19 April 2017 External T.I. 2016-0625841E5 F - Gift of equitable interest in a trust -- translation

By services, 24 May, 2017

Principal Issues: Whether paragraph 118.1(5.1)(b) is applicable in a situation where a deceased individual's will establishes a testamentary trust and the equitable interest in the trust is gifted to a qualified donee?

Position: No.

Reasons: The subject of the gift is the equitable interest in the testamentary trust and has not been acquired by the estate on and as consequence of the death of the deceased taxpayer.

XXXXXXXXXX							2016-062584
								Lucie Allaire, LL.B
								CPA, CGA, D.Fisc.
April 19, 2017

Dear Madam,

Re: Donation of an interest in a trust created by a will

This letter is in response to your e-mail of January 8, 2016 in which you inquired as to whether the donation of a capital interest, in a charitable residual trust created by a will, to a qualified donee (footnote 1) is still eligible for the donation tax credit and whether subsection 118.1(5.1) of the Income Tax Act (the "Act") will apply to the donation.

In this regard, you indicated that the gift of the capital interest in the trust complies with the terms of Interpretation Bulletin I T226R - ARCHIVED - Gift to a charity of a residual interest in real property or an equitable interest in a trust. In addition, you indicated that the estate that began to exist on the individual's death is a graduated rate estate as defined in subsection 248(1) (a "GRE").

Unless otherwise indicated, all legislative references are to the provisions of the Act.

Our Comments

This technical interpretation provides general comments on the provisions of the Act and related legislation, where referenced.
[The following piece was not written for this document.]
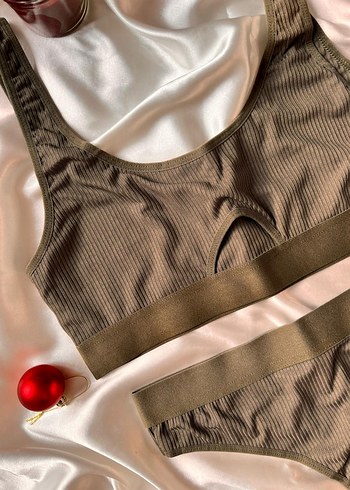 haki yeşili Kadın Spor Bralet Takımı - Görsel 2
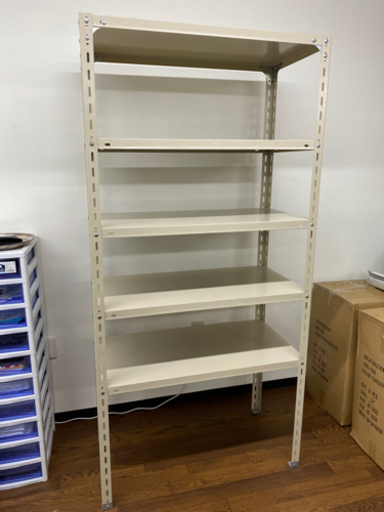 ボルトスチールラック　フルボルト　棚　事務家具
It does not confirm the income tax treatment of a particular situation involving a specific taxpayer but is intended to assist you in making that determination. The income tax treatment of particular transactions proposed by a specific taxpayer will only be confirmed by this Directorate in the context of an advance income tax ruling request submitted in the manner set out in Information Circular IC 70-6R7, Advance Income Tax Rulings and Technical Interpretations.

Paragraph 118.1(4.1)(a) provides that subsection 118.1(5) applies to a gift made by the individual by will if an estate arises on and as a consequence of the death after 2015 of an individual. Subsection 118.1(5) provides that the gift is deemed to be made by the individual's estate generally at the time that the property that is the subject of the gift is transferred to the donee and not at any other time.

Subparagraphs 118.1(1)(c)(i) and (ii) of the definition of "total charitable gifts" (the "Definition") set out certain requirements for an eligible amount of a gift to be included in the total of charitable donations from an individual other than a trust or from an individual who is a trust.

In order for the eligible amount of a gift to be included in the deceased's total charitable donations, one of the requirements of clause (c)(i)(C) of the Definition is that subsection 118.1(5.1) applies to the gift made by the individual's estate. Similarly, in order for the eligible amount of a gift to be included in the total of the charitable gifts of the estate, clause (c)(ii)(B) of the Definition requires, inter alia, that subsection 118.1(5.1) applies to the gift made by the individual's estate.

Subsection 118.1(5.1) applies in particular to a gift made by a GRE of an individual whose death occurs after 2015 if the subject of the gift is property that was acquired by the estate on and as a consequence of the death or is property that was substituted for that property.

In the situation described, we are of the view that the subject of the gift is the capital interest in the trust and that such capital interest in the trust cannot have been acquired by the GRE at the time of the individual's death or as a consequence of the death. Therefore, subsection 118.1(5.1) does not apply.

However, under (c)(ii)(A) of the Definition, the eligible amount of a gift of an interest in a trust could be included in the computation of the total charitable gifts of the GRE in the taxation year in which the gift is made or in any of the five subsequent taxation years.

We hope that our comments will be of assistance.

Louise J. Roy, CPA, CGA
Manager
Financial Industries and Trusts Division
Income Tax Rulings Directorate
Legislative Policy and Regulatory Affairs Branch

FOOTNOTES

Due to our system requirements, footnotes contained in the original document are reproduced below:

1 For the purposes of subsection 248(1) of the Act.